Anybody interested in Project Paperclip should probably stay away from the Jacobson book
Monte Davis
montedavis49 at gmail.com
Wed Mar 5 19:38:42 CST 2014
No, by "our own vast moral failure" I mean building nuclear weapons and
delivery systems far beyond any rational need. During WWII we and the UK
had already taken "terror bombing" of cities to a scale far beyond what
we'd called horrible when enemies did it to Guernica, Chinese cities,
Warsaw, Rotterdam, and London. In the decades that followed, we spent
several trillion dollars systematically equipping ourselves to do a
thousand times worse.
That the equipment has not yet been used (and that it has been modestly
scaled back since the 1980s) does not make it less of an abomination. The
decisions that led to that were made by Americans, not by German emigres.
Millions of Americans (including young Tom Pynchon, cranking out Boeing
technical documentation and company magazine articles) took part in the
process.
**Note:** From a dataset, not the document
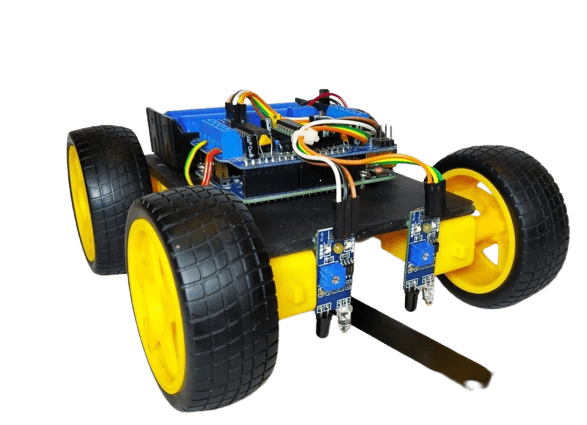 Line Following Robot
Details of bombs and rockets were secret; that we were gearing up
for mass murder -- only if forced to it, of course! -- was not a secret,
not a conspiracy.
One of the central concerns of GR (and the reason for its arc from a
missile in 1944 to a missile in 1972) is to ask: "Given all the destruction
and horror of the Zone, and 1945's opportunities for a fresh start... was
Mutual Assured Destruction really the best we could do by 1972? Why did we
fuck up all over again, only bigger and shinier?"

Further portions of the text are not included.